### Task requirements
Using only the entries below, copy exactly the lines that begin at the one with "GOJO CX Counter" and end at the one with "HMI Sumut Respon", both included. Drop the pictures.

Data entries
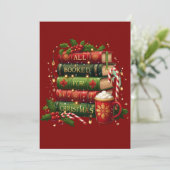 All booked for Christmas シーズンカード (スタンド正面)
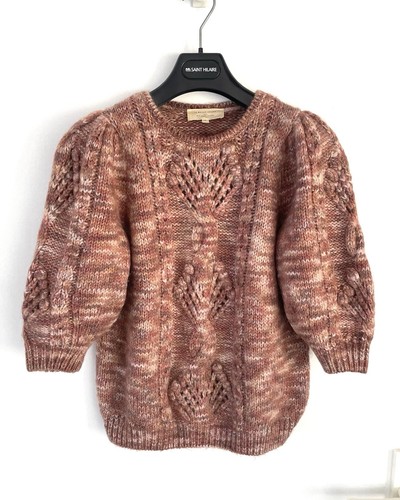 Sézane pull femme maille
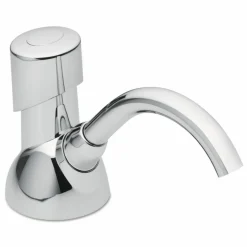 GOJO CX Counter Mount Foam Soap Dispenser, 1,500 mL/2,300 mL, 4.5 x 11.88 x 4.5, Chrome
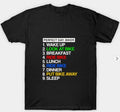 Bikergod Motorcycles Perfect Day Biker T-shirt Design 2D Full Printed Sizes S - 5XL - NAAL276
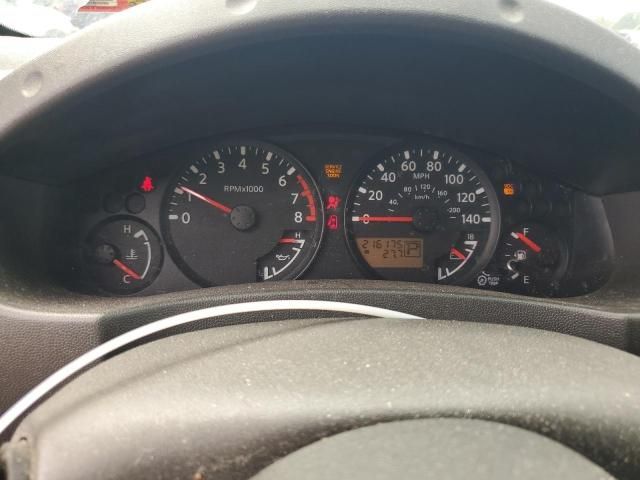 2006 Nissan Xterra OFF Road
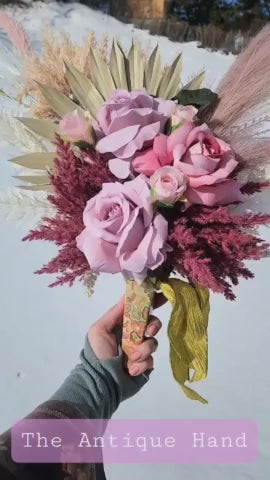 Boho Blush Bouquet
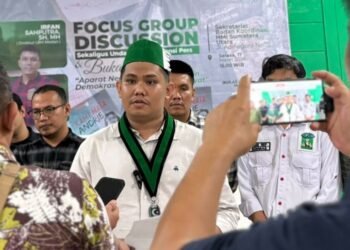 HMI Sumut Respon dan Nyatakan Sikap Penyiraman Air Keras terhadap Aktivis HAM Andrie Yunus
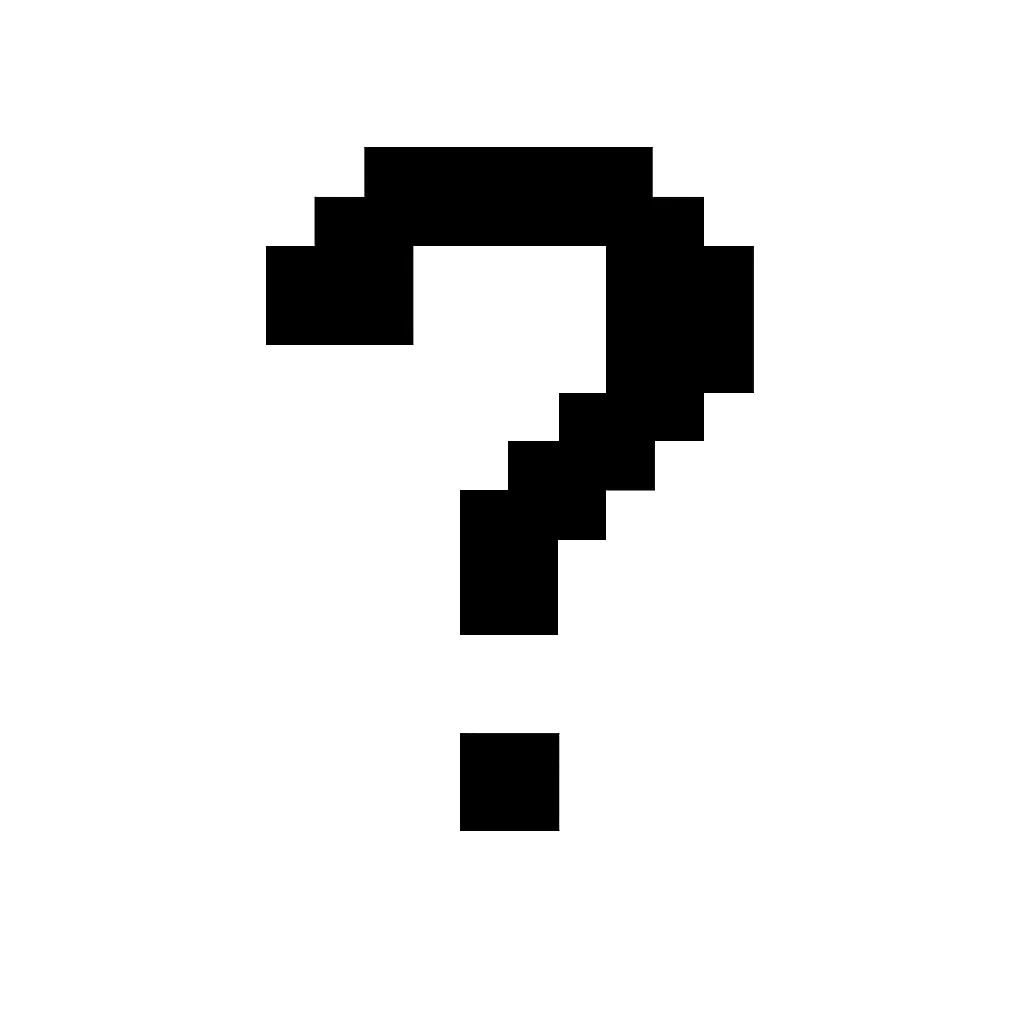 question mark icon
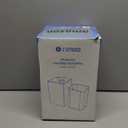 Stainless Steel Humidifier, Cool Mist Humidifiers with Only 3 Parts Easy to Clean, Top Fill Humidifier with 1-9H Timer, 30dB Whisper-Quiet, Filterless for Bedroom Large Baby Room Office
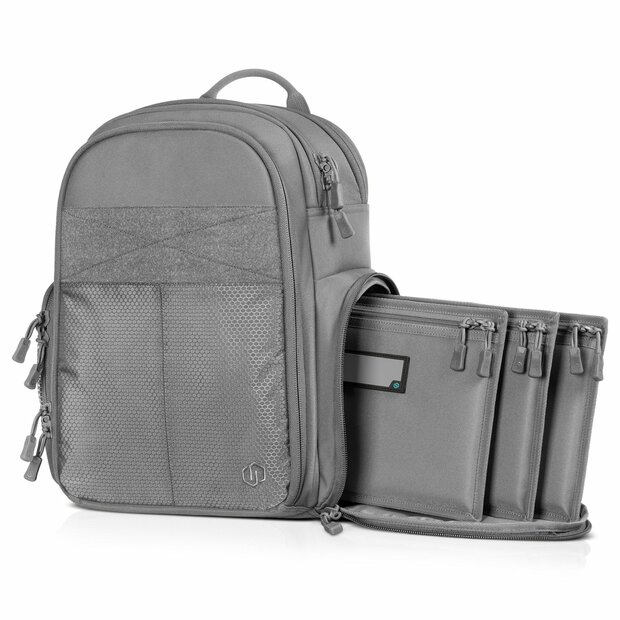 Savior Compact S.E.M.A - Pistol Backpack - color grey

### Solution to the problem
 GOJO CX Counter Mount Foam Soap Dispenser, 1,500 mL/2,300 mL, 4.5 x 11.88 x 4.5, Chrome
 Bikergod Motorcycles Perfect Day Biker T-shirt Design 2D Full Printed Sizes S - 5XL - NAAL276
 2006 Nissan Xterra OFF Road
 Boho Blush Bouquet
 HMI Sumut Respon dan Nyatakan Sikap Penyiraman Air Keras terhadap Aktivis HAM Andrie Yunus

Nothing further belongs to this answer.